Spending time outdoors in natural places is universally recognised as being good for both our physical health and our mental well-being. Getting children outdoors and exploring the natural world is in their best interest, but it is also in society’s best interest for a healthy, well-informed, environmentally-aware population.
The onus is on parents and educators to try to ‘interpret’ the natural world for our kids, so that they can understand their place within it and recognise how vital its protection is. That can be as cheap and easy as making daisy chains, collecting conkers or blowing on dandelion clocks. Encourage young children to look at the small things around them and the rest will follow as their curiosity grows.

Antlers, hedgehog hibernation box and some old stuffed animals – props for a recent school visit with the Ranger Service. Getting ready to teach 30 six year olds about the animal kingdom.
Fitting nature into a modern world
I’ve never been what is described as an ‘early adopter’, one of those people eager for the next technological advance, excited at the way it could change my life, queuing up at midnight to buy the next iPhone.

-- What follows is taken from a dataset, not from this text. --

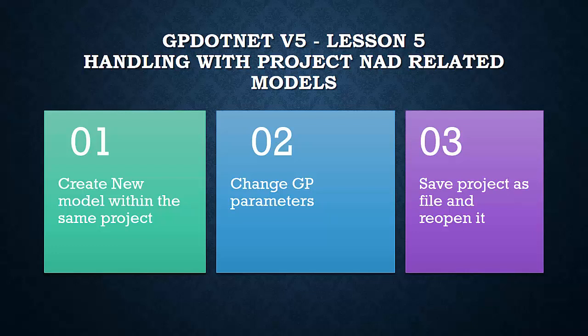Hi, welcome to GP.net tutorials. My name is Bahruddin and this is lesson 5 of GP.net tutorial. In this lesson, we are going to see how to save a project on disk, how to open it again, and how to create more than one model within the same project.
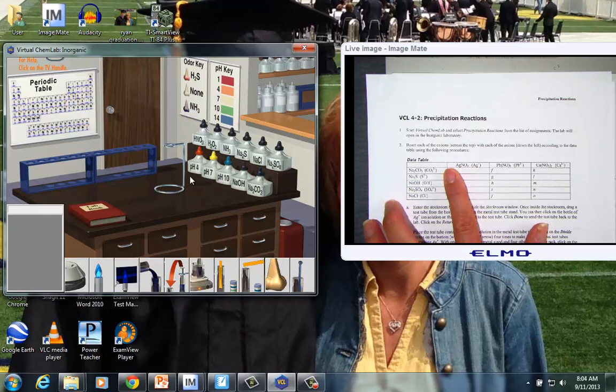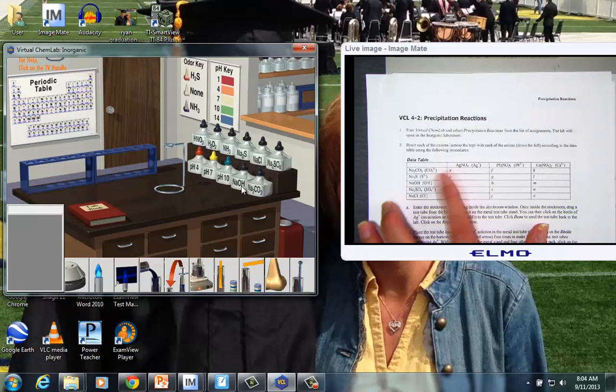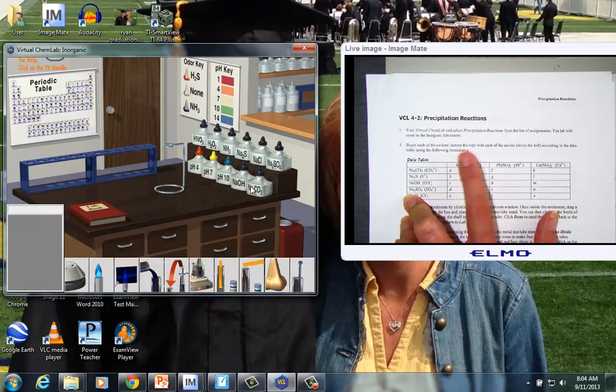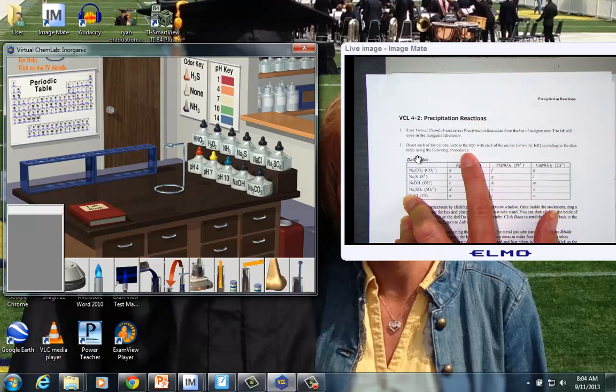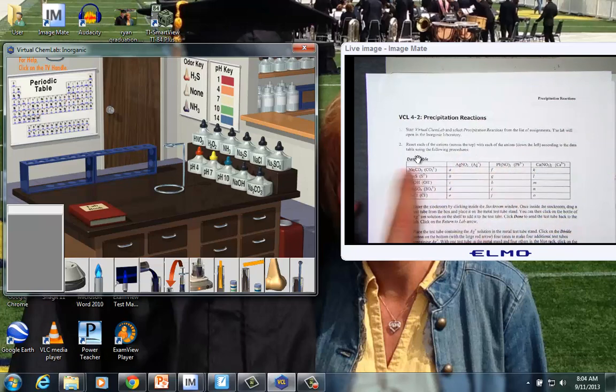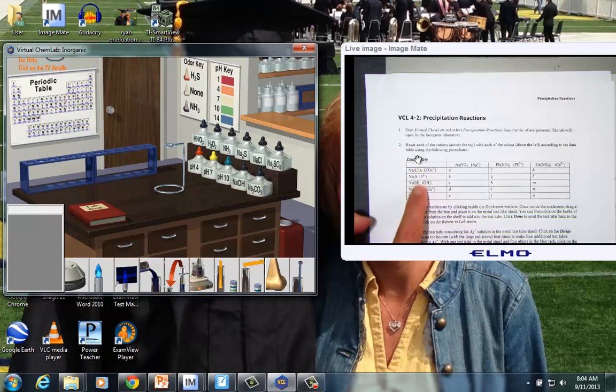Notice that we have some pH solutions, we have some acids, we have some bases, and we have some salts. What I want us to notice is we're being asked to react each of the cations across the top of our grid with the list of anions going down the grid.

As a case in point, my phone is a brick from 2006. It texts, phones and…..well, that’s about it really. If someone sends me a photo from their smartphone I have to spend 20 minutes deleting texts to make space.
Frequently termed a ‘luddite’ by my friends, I always generally believed that the unprecedented leaps forward in pervasive technology we’re witnessing heralded the end of civilisation as we know it, because they are creating a generation in thrall to the digital, living virtual lives indoors, with no interest in the natural outdoors. But then I got a job as a countryside ranger.
Since doing so a few years ago I’ve worked with a lot of kids of primary school age, both in our Country Parks and on-site in local schools. We run all kinds of educational activities for them, and despite doing those same activities again and again, it still amazes me now, as much as it did the first time, just how much fun kids derive from the simplest of ‘offline’ things.
Only last month I was leading a group of eager pond dippers of mixed ages. We were catching the usual tadpoles, water boatmen, some midge larvae, and then all of a sudden I heard a cry….”I CATCHED A DRAGON, I CATCHED A DRAGON!!!”. One boy had netted a newt, and it was an event of such enormous magnitude that every single kid there excitedly downed tools to come and see. I felt bad explaining that it wasn’t a dragon, but it made the find no less exciting for them.
Another occasion springs to mind from my first year, when I was taking a group of 6 year olds to collect signs of autumn. I picked up a sycamore seed and prompted the semi-circle of kids to tell me what was special about it. None of them knew. They didn’t even recognise it. I picked up a handful of the seeds, threw them in the air, and watched the kids’ mouths drop open in amazement as the objects spun like helicopter blades, slowly falling to the ground. They were soooo excited! They all busily collected some to take home; their new, free, and practically inexhaustible toys, found lying on the ground in a West Lothian woodland. They were delighted and so was I.
I’ve been similarly encouraged to see how slightly older kids will happily play in a woodland for hours, playing Catch the Flag or building dens. I’m glad to say I’ve found my preconceptions about nature and technology being challenged.
At primary age kids don’t generally discriminate between what’s modern and what’s not, what’s cool and what’s not. They just react positively or negatively, without prejudice or preconception. That doesn’t last, however. Things change as they get older.
If ever you needed a sign that times are indeed changing you need only have attended the Conference for Nature in Edinburgh earlier this year, where conservation organisations, businesses and interested parties from across the country came together to take stock of the state of nature in Scotland.
As you might expect there was good news and bad news, but one of the most thought-provoking speakers for me, as a ranger, was Dr Alastair Lavery of the Field Studies Council, who spoke on the subject of the ‘disconnectedness’ from nature and the outdoors.
He told how the 2007 Oxford Dictionary for 7-9 yr olds had completely removed the words ‘acorn’ and ‘bluebell’ (among other nature nouns), and in their place were words like ‘analogue’ and ‘broadband’. 28 prominent authors apparently complained to the Oxford University Press (OUP), but the OUP’s response was that ‘acorn’ and ‘bluebell’ just aren’t used by kids any more. They said that kids’ language was changing.
That struck me as sad, but entirely reasonable given the OUP has limited space in its dictionary and those new words are undeniably important. But whether you agree or disagree with the omissions, it does indeed reveal how childhood experience is changing. Kids are increasingly tech-savvy and there’s no escaping the fact that tablets and other mobile devices already feature in their lives at a young age.
But arguably childhood experience always has been changing, and people have surely been making that nature vs technology argument for centuries. Growing up, the concern for my parents and others of their generation was that we kids of the computer age were spending too much time indoors. We should be out on our bikes, not sitting waiting for a Spectrum 48k game to load from a cassette recorder. Those were the days! And I turned out alright…..I think!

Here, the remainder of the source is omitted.